South Dakota Senate kills English language amendment
PIERRE (AP) - A proposal to let voters decide if South Dakota's constitution should declare English the state's official language died in the Senate.
Senators voted 20-14 on Thursday to kill SJR2, which proposed a constitutional amendment making English the state's official language. If the provision were in the constitution, no state or local government could adopt a law, ordinance or rule that required the use of any language but English.
Sen. Larry Rhoden, RUnion Center, sponsored the proposal. He said having a common language is a large part of what has united the nation.
``I think we all realize America is a melting pot of diversity,'' Rhoden said.
He said lawmakers wouldn't be making a decision by passing his resolution, simply giving voters a chance to make that decision.
Sen.

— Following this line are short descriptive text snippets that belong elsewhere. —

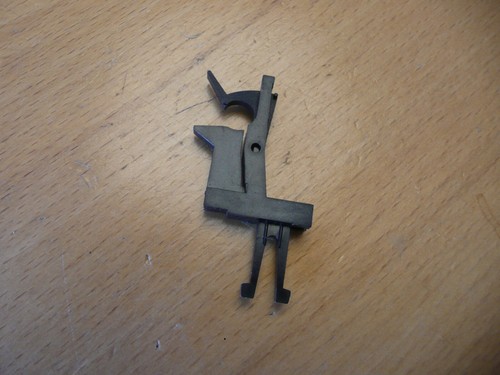 Grundig PS 2750 Plattenspieler - Tonarmauflage -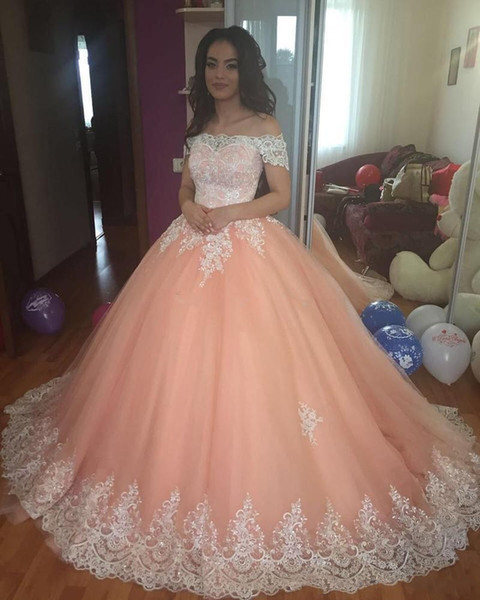 Blush Pink Sweet 16 Quinceanera Dresses Ball Gowns Bateau Neck Short Sleeves Appliques Tulle Plus Size Dresses Saudi Arabic Prom Dresses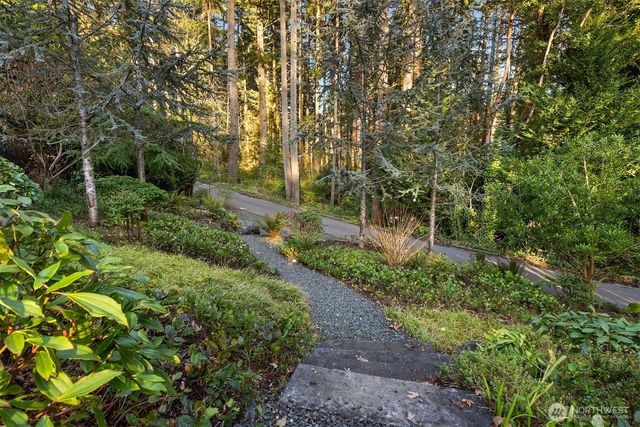 7204 NE Baker Hill Road, Bainbridge Island, WA 98110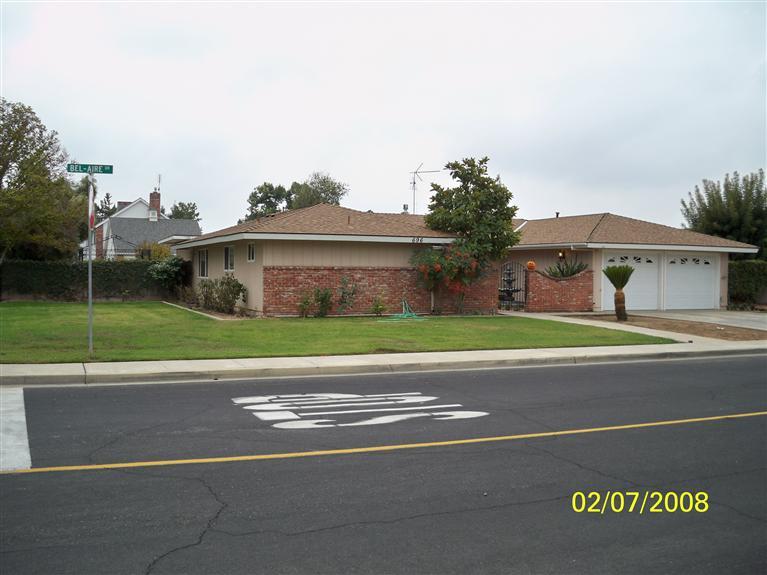 696 E Bel Aire Dr, Dinuba, CA 93618 photo 1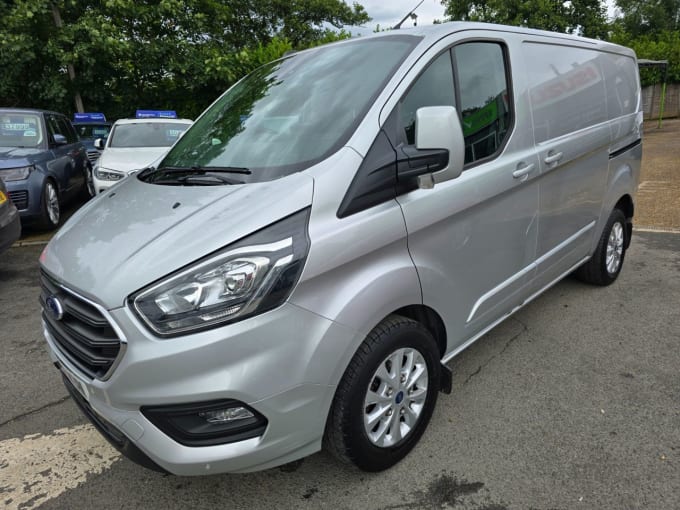 2024 Ford Transit Custom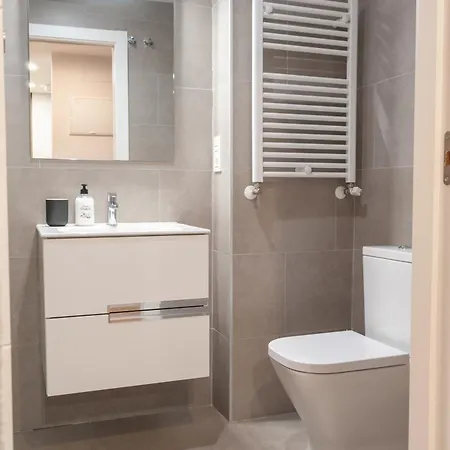 Avg Numa Guilhou 4 Gijón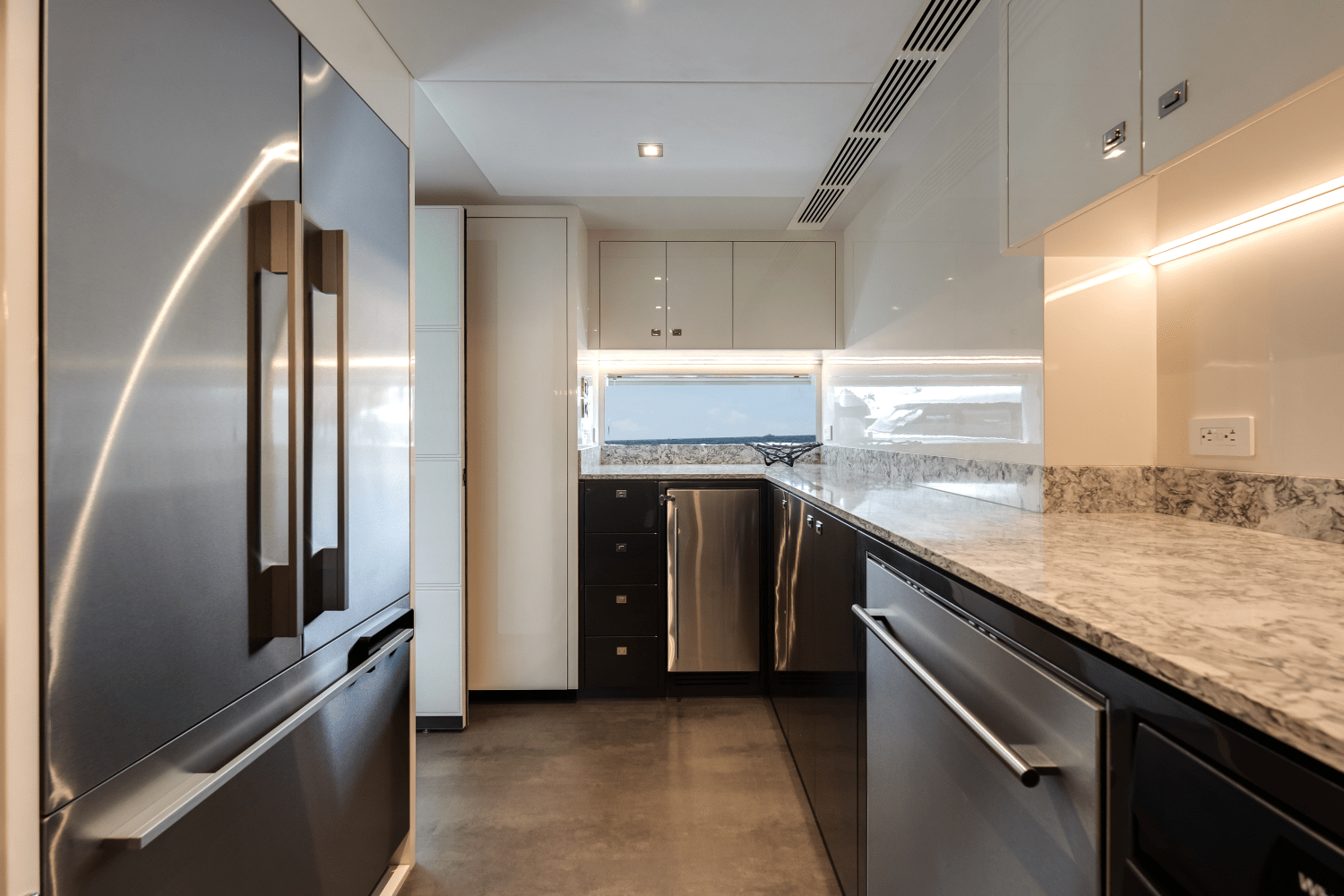 Slide: The Image of Ocean Alexander 28 Explorer 2023 - 17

Ben Nesselhuf, D-Vermillion, said that changing the constitution as proposed would be unnecessary. State law already makes English the state's common language, he said.
``This is beyond me that this is in front of me,'' Nesselhuf said.
The amendment wouldn't prevent anyone from speaking any language they wished, Sen. Mike Vehle, RMitchell, said. It would simply make sure they had the ability to communicate in English, he said.
The proposed amendment included a provision that said nothing could restrict the use of the Lakota, Dakota or Nakota language by American Indians.
That failed to impress Sen. Jim Bradford, R-Pine Ridge.
``By the way, that melting pot you're talking about, you wouldn't have a pot if it weren't for the Native Americans,'' Bradford said.
Rhoden said the way the amendment was worded, Native American languages would be protected and could be strengthened.
Sen. Nancy Turbak Berry, D-Watertown, said the amendment could affect a governing body's ability to adopt a rule allowing sign language, or a court's ability to adopt rules for foreign language for some defendants.
``Do you really know what you're doing if you amend the constitution as you've been asked to do?'' Turbak Berry asked.